The trio of releases from the US today - Personal Incomes & Spending, Pending Home Sales, and Factory Orders - all came in below expectations, extending the string of negative reports we have seen from the US economy.

In our live coverage on Monday, we had talked about the precarious position the currency markets and the US Dollar are in. If data in the US continues to show an economy that was slowing - but not lurching back towards a double dip recession - and data from around the world remained relatively upbeat we could have a continuation of the theme we have seen recently. That is, enough risk appetite to bolster higher yielders and continue to weakness in the greenback as its slower growth is priced into the value of the Dollar. However, if the sense is that the slowdown in the US economy is worse than expected and we do face a double dip scenario, then risk aversion could win the day, hurting equities and sending traders looking for safe haven in the US Dollar and US Treasuries and away from higher yielders.

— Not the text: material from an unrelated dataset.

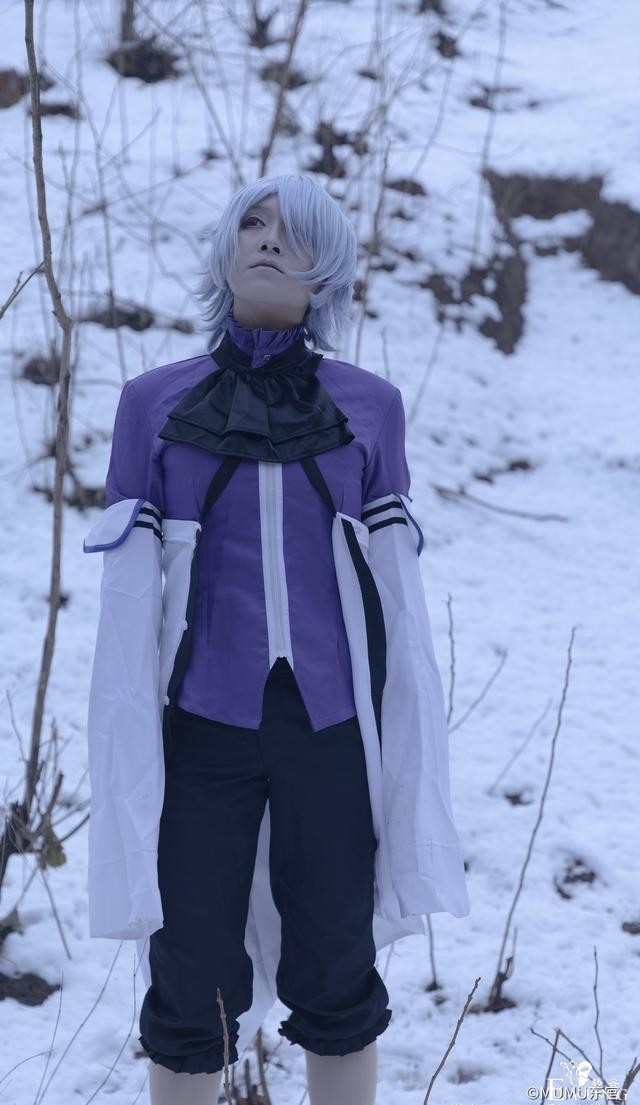 《潘多拉之心》布雷克cos，萧瑟寥寞，仿佛雪都清冷了-3.jpg
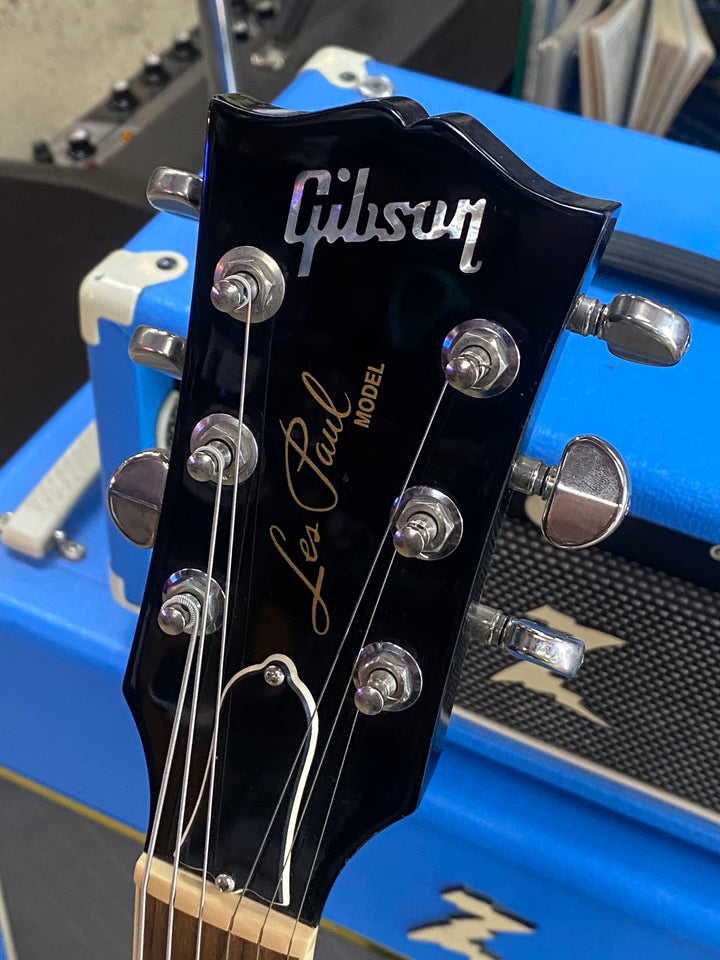 Gibson 2020 Les Paul Classic in Ebony W/case ***Pre Loved***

After an overnight session in which the EUR/USD rose to a 4-month high at 1.3260, the round of US reports gave US equity markets a jolt, tilting risk sentiment towards the second scenario - a worry over global growth prospects. However, US stocks rallied, and as of noon time NY seem to be threading that sweet spot where we have risk appetite and weakness in the US Dollar due to its fundamentals, without investors feeling to safety.

OK, now for the releases.

Personal Income and Spending

First up, the data on personal incomes and spending was weaker than expected and shows that the second quarter finished on a fairly soft note. Both incomes and spending were flat in June, when expectations had incomes rising 0.2% and spending up 0.1%. It was the first time in a year that incomes were not positive. Also May's figures were revised lower - incomes rose 0.2%, rather than 0.3%, and incomes were up 0.3%, not 0.5%.


The data implies then that US families have less money to spend and are cutting their purchases. We saw this deceleration in personal consumption in the 2nd quarter GDP data. The data does point out however that the savings rate - at 6.4% - rose to its highest level in a year.

Also as part of this release, we got the core reading for the Personal Consumption Expenditure (or core PCE) a favorite reading of inflation for the Federal Reserve. It showed a flat reading, meaning price pressures remain subdued.

Pending Home Sales

In the second release, pending home sales fell 2.6% in June following a large 29.9% decline in May. Expectations had been for a small rebound of 0.5% following that large drop, but instead we continue to see weakness in the housing sector. Pending home sales are used as a leading indicator as they are measures at the signing of a contract to buy, even when the actual closing of the home purchase happens about a month or so later.

Factory Orders

In the third release, factory orders dropped 1.2% in June, following a downwardly revised fall of 1.8% in May. Expectations had been for a smaller 0.2% decrease. This report confirms the cooling we have seen recently in other manufacturing readings.


US Dollar Should Continue to Be Pressured as a Result of Weak Data

All in all, we are seeing consumers more hesitant to spend, home sales continuing to be weak, and now manufacturing slowing. These three reports will add to the evidence already available that the US economy is hitting a particularly bad patch of weakness heading into the 2nd half of the year.

The weak data has been pressuring the US Dollar the past two months and will likely continue to do so, until other parts of the world show weak data and increase overall risk aversion.